Excerpts from a dataset>
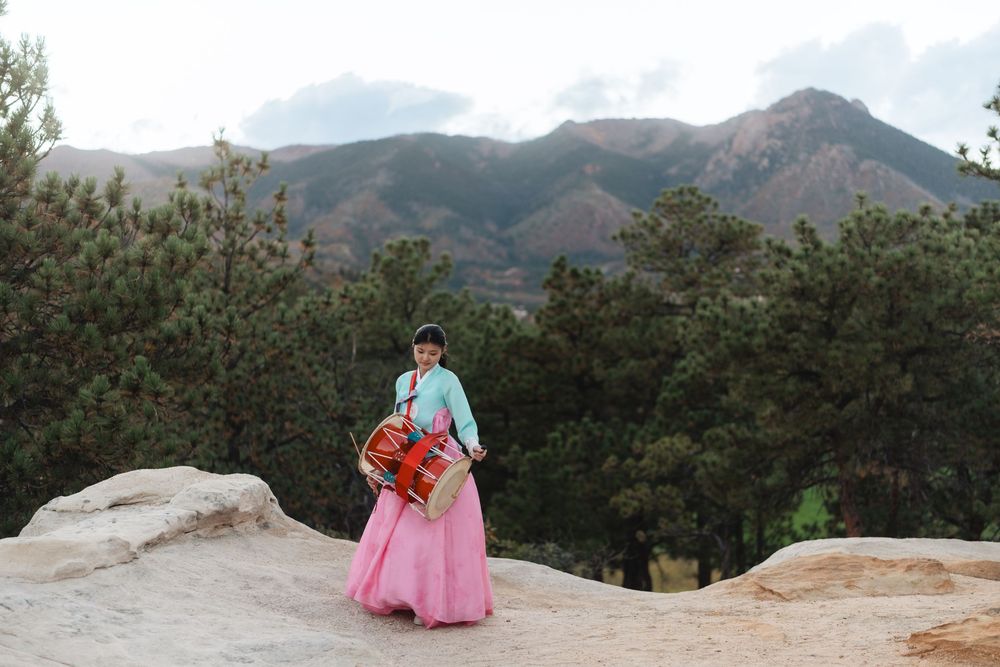A series of scenic mountain landscape photos featuring someone in traditional Korean hanbok dress posing at various viewpoints.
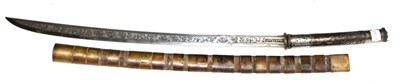 Lot 397 - An 18th Century Burmese Dha, the 60cm single edge curved steel blade richly inlaid in silver...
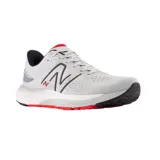Championes de running New Balance modelo Fresh Foam X 880v12, color azul con detalles en gris, blanco y verde.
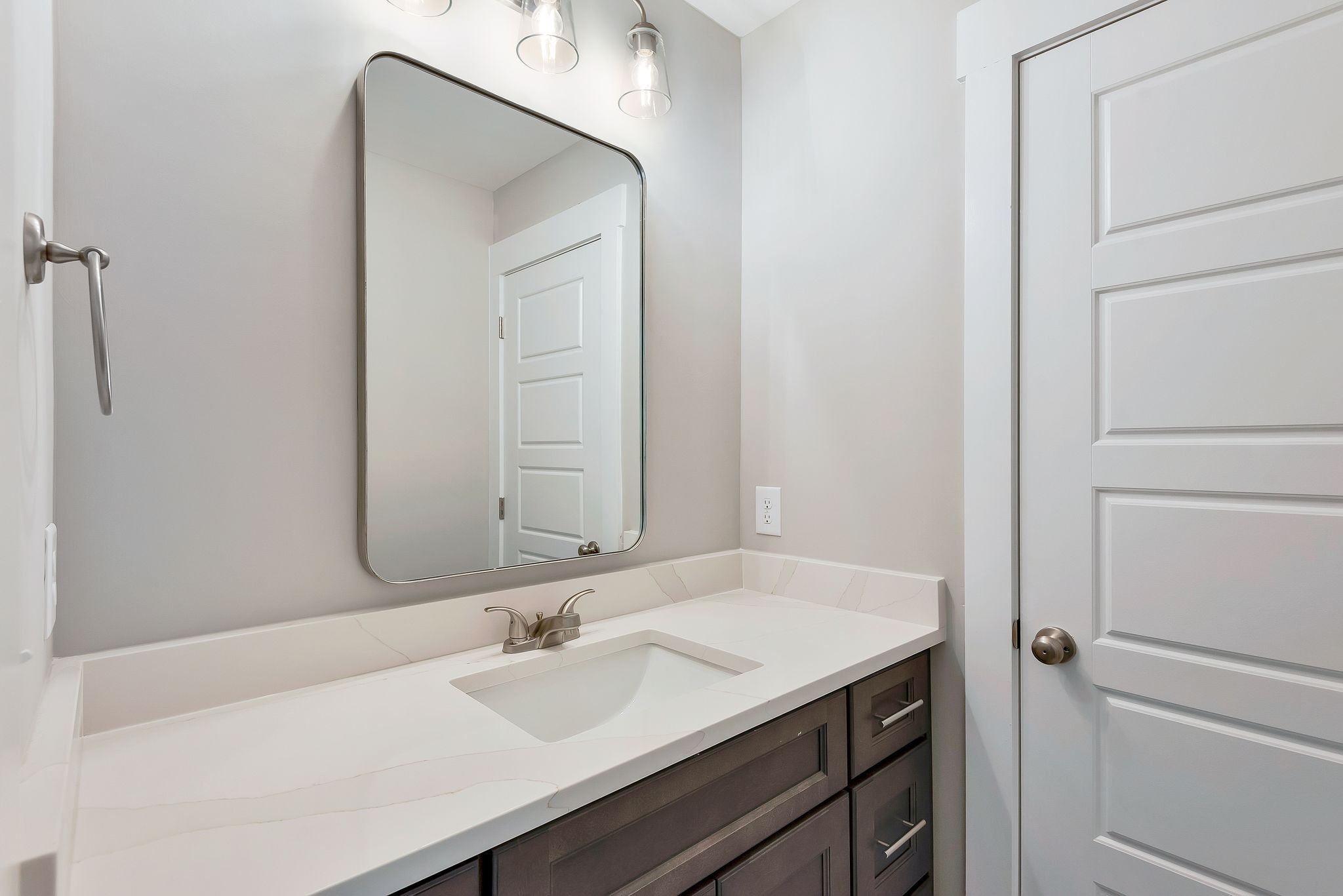 4114 Chicken Road Lebanon, TN 37090 - Photo 38 of 52 a bathroom with a sink and a mirror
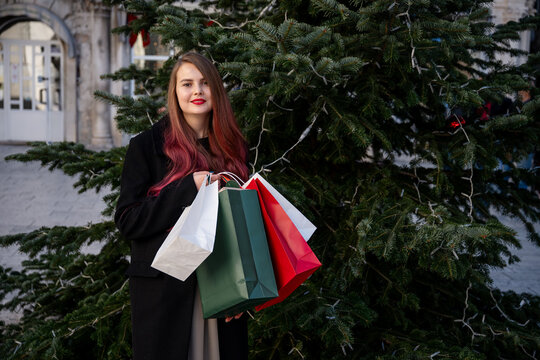 Woman with shopping bag beside Christmas tree in town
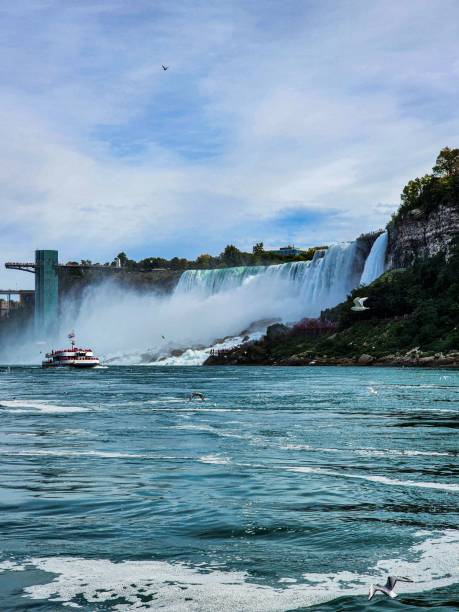 istock Boat passing by the raging dam with big waves 1447075885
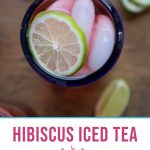 glass of hibiscus tea in a clear glass with a blue rim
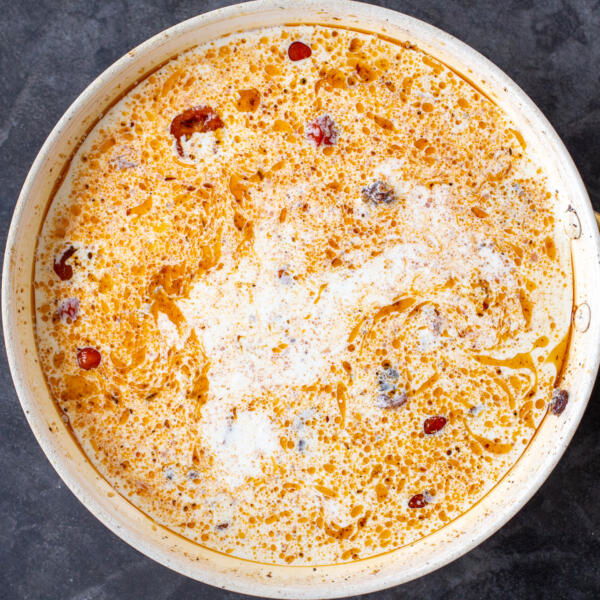 Heavy cream added to the pan.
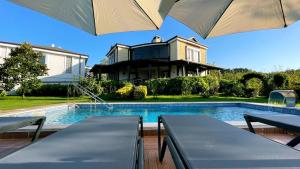 a house with a swimming pool and an umbrella at Bizim Ev in Sapanca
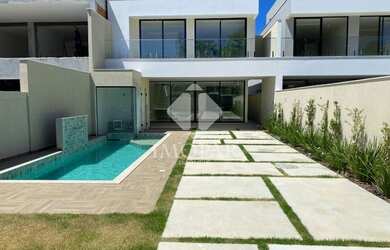 Imagem: A casa em condomínio possui 5 Dormitórios, 5 Banheiros, 3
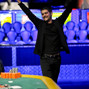 Elie Payan throws his arms up in victory after winning event 22.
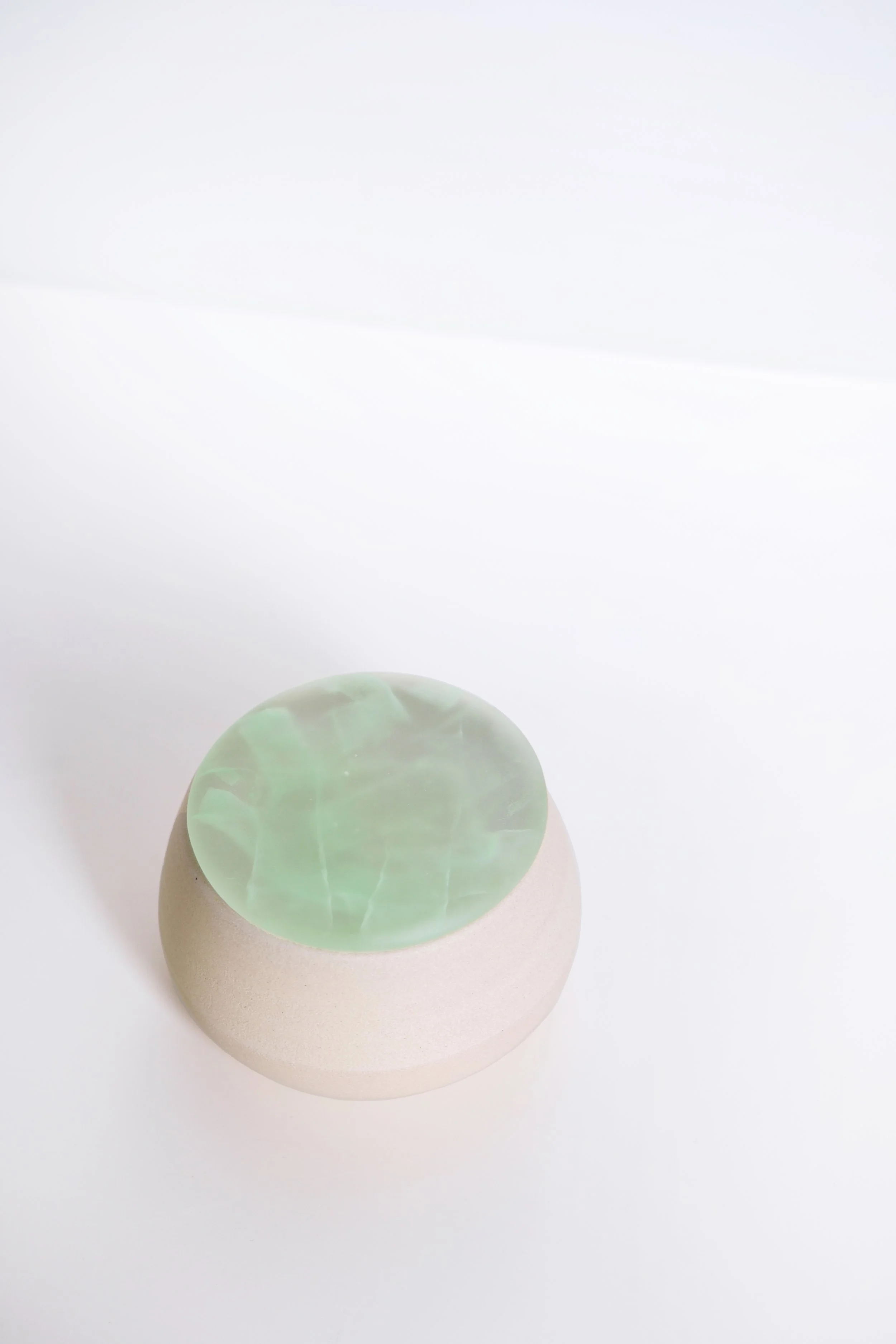 A smooth, round pale pink stone with a large, translucent, greenish-white marble on top of it, against a plain white background.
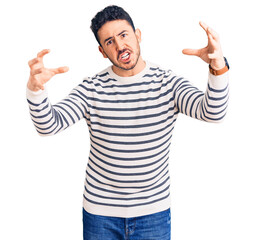 Fototapeta premium Young hispanic man wearing casual clothes shouting frustrated with rage, hands trying to strangle, yelling mad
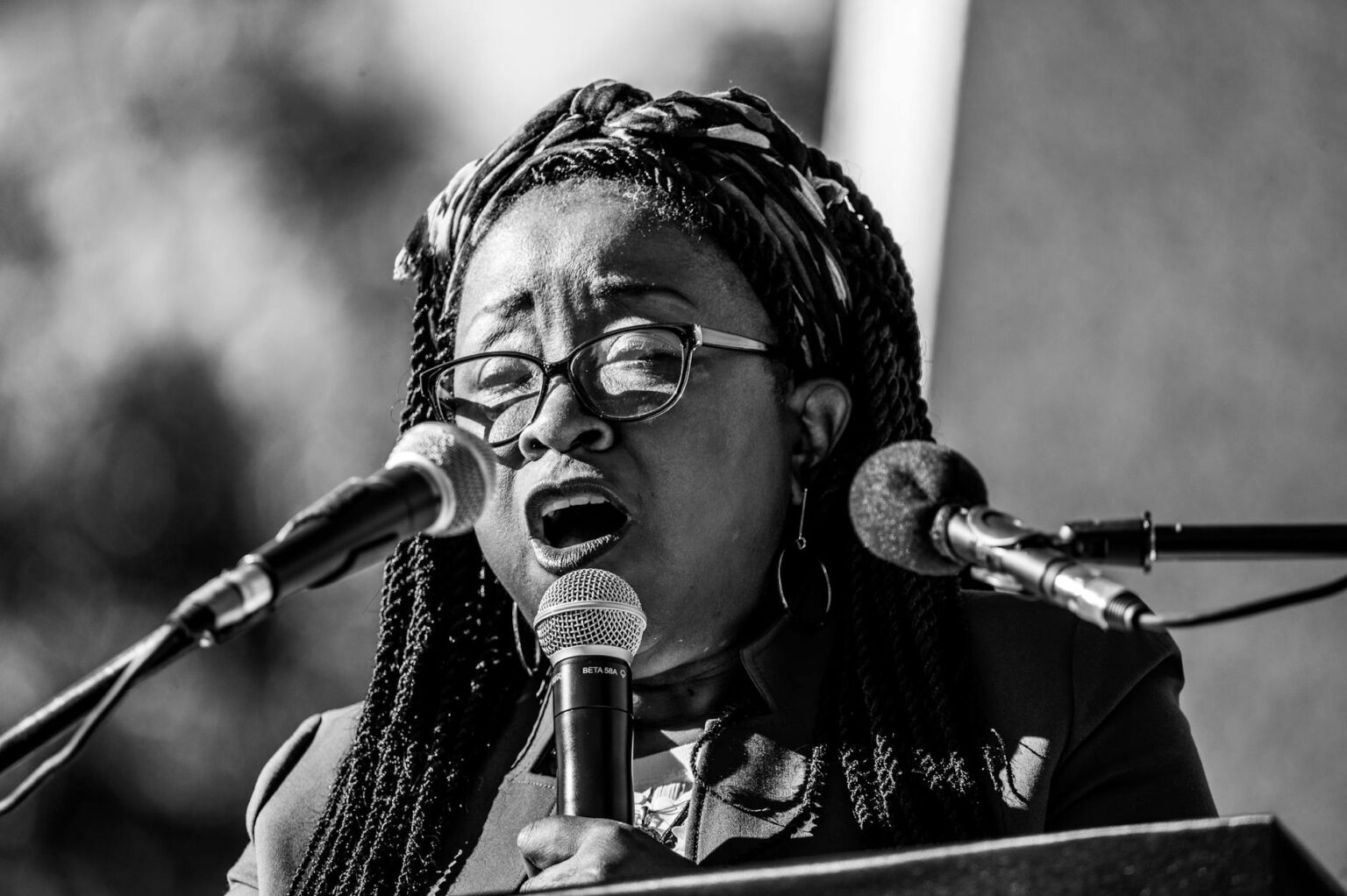 Professional woman speaking into microphone at media event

TASK PROMPT> Please copy only the lines from the one that contains "Heavy cream added to the pan." through the last line of the records, exactly, and keep every picture out of the copy.

OUTPUT OF THE EXERCISE>
 Heavy cream added to the pan.
 a house with a swimming pool and an umbrella at Bizim Ev in Sapanca
 Imagem: A casa em condomínio possui 5 Dormitórios, 5 Banheiros, 3
 Elie Payan throws his arms up in victory after winning event 22.
 A smooth, round pale pink stone with a large, translucent, greenish-white marble on top of it, against a plain white background.
 Fototapeta premium Young hispanic man wearing casual clothes shouting frustrated with rage, hands trying to strangle, yelling mad
 Professional woman speaking into microphone at media event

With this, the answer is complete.